Differential Equations Study Guide

Handout 7A: Verifying Solutions, Slope Fields, etc.

1. Differential Equation Overview

• Consider the differential equation given by:
  $\frac{dy}{dx} = 2xy$
• Conditions that apply:
  • y > 0
  • \frac{dy}{dx} > 0 when x > 0

a. Particular Solution Tangent Line

• Let $y = g(x)$ be a particular solution.
• To find the equation of the tangent line at the point (1, 3):
  • The slope at this point is obtained from the differential equation:
  • At $x = 1$, substitute into the differential equation:
    $\frac{dy}{dx} = 2(1)(g(1)) = 2 \cdot 3 = 6$
  • Therefore, the slope $m$ of the tangent line at (1, 3) is 6.
  • Equation of tangent line using the point-slope form:
  • Point-slope form: $y - y_1 = m(x - x_1)$
  • Thus, $y - 3 = 6(x - 1)$
  • Rearranging gives:
    $y = 6x - 3$
• Use this equation to estimate the value of $g(0.9)$:
  • Substitute $x = 0.9$ into the tangent line equation:
  • $g(0.9) \approx 6(0.9) - 3 = 5.4 - 3 = 2.4$

b. Second Derivative Expression

• Finding the second derivative:
  • Start from the differential equation:
  • $\frac{dy}{dx} = 2xy$
  • Differentiate both sides:
  • $\frac{d^2y}{dx^2} = 2y + 2x\frac{dy}{dx}$
  • Substitute $\frac{dy}{dx}$ back into the equation:
  • At $x = 1$, where $g(1) = 3$, thus compute:
    $\frac{d^2y}{dx^2} = 2(3) + 2(1)(6) = 6 + 12 = 18$
• Comparison with estimate from part (a):
  • The estimate $g(0.9) = 2.4$ is less than the actual $g(1) = 3$ evaluated.
  • Conclusion: our previous estimate is less than the exact value because the differential equation confirms that $\frac{dy}{dx}$ is increasing.

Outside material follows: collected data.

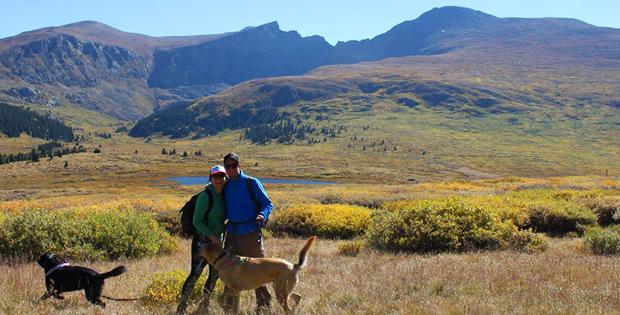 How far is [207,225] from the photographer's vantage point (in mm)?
6215

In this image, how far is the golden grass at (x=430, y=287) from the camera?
5.62 meters

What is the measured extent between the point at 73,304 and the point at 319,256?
594 cm

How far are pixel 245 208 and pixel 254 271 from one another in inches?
38.7

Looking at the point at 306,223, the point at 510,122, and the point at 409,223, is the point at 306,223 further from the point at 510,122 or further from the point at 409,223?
the point at 510,122

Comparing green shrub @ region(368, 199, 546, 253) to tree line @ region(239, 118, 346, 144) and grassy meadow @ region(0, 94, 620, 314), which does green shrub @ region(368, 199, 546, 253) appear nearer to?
grassy meadow @ region(0, 94, 620, 314)

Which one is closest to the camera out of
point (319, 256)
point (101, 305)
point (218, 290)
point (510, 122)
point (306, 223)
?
point (101, 305)

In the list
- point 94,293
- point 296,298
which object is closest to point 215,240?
point 296,298

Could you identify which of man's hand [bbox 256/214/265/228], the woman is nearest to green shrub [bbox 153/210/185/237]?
the woman

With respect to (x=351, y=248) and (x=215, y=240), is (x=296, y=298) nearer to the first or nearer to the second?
(x=215, y=240)

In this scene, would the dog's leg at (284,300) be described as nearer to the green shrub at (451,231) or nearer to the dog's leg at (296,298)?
the dog's leg at (296,298)

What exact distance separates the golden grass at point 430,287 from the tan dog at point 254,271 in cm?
46

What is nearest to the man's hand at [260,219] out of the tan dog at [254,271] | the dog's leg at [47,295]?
the tan dog at [254,271]

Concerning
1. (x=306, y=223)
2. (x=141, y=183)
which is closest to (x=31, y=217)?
(x=306, y=223)

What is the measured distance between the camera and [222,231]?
20.9 ft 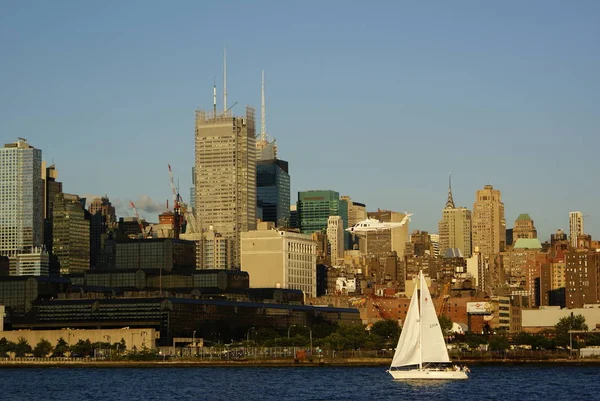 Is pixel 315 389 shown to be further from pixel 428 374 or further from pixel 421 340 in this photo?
pixel 421 340

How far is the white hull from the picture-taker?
177000 millimetres

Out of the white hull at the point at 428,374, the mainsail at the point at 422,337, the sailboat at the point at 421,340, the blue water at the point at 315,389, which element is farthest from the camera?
the white hull at the point at 428,374

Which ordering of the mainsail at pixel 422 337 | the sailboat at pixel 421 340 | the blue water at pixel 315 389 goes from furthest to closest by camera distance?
the mainsail at pixel 422 337 → the sailboat at pixel 421 340 → the blue water at pixel 315 389

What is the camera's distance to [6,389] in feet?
618

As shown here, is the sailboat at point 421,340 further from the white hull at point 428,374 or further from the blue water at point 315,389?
the blue water at point 315,389

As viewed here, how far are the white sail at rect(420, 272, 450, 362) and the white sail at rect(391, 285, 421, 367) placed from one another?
0.90 metres

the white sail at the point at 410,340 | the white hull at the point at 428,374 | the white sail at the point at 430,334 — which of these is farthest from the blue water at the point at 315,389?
the white sail at the point at 430,334

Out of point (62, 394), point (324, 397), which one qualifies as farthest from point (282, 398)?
point (62, 394)

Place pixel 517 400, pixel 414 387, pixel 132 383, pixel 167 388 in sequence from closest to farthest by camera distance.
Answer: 1. pixel 517 400
2. pixel 414 387
3. pixel 167 388
4. pixel 132 383

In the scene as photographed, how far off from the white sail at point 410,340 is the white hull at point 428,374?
1503 mm

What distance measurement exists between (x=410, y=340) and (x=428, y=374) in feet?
17.4

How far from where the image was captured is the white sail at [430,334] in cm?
17412

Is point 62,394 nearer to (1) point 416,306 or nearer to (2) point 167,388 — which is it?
(2) point 167,388

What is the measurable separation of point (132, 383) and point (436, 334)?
154 ft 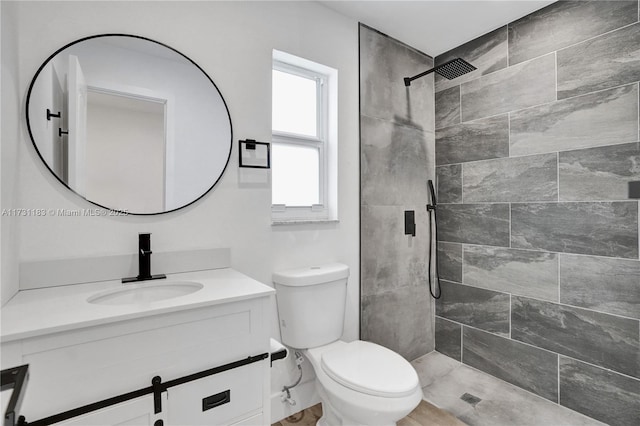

c. Verification of Particular Solution

• To verify that $y = 5e^{x^2}$ satisfies the differential equation:
  • Compute the derivative:
  • $\frac{dy}{dx} = 5e^{x^2} \cdot 2x = 10xe^{x^2}$
  • Check:
  • Substitute $y$ into the original differential equation:
    • $2xy = 2x(5e^{x^2}) = 10xe^{x^2}$
  • Since both sides match, verification is complete.

d. Estimate Comparison for Another Point

• It is known that for all $x \geq 1$:
  • \frac{d^2y}{dx^2} > 0
• This suggests that the function is concave up in this interval.
• Reflection on estimate from part (a) when evaluated at $g(1.2)$ indicates the potential for it being less than the actual value due to the concavity of the function.

2. Additional Example

a. Verification of Solution

• Consider the solution $y = 3x - 1$ to the differential equation:
  $\frac{dy}{dx} = 1 + y$
• Calculate the derivative:
  • $\frac{dy}{dx} = 3$
• Check against the differential equation:
  • Right-hand side calculation:
  • $1 + (3x - 1) = 3x$
  • Hence, both sides are equal when evaluated.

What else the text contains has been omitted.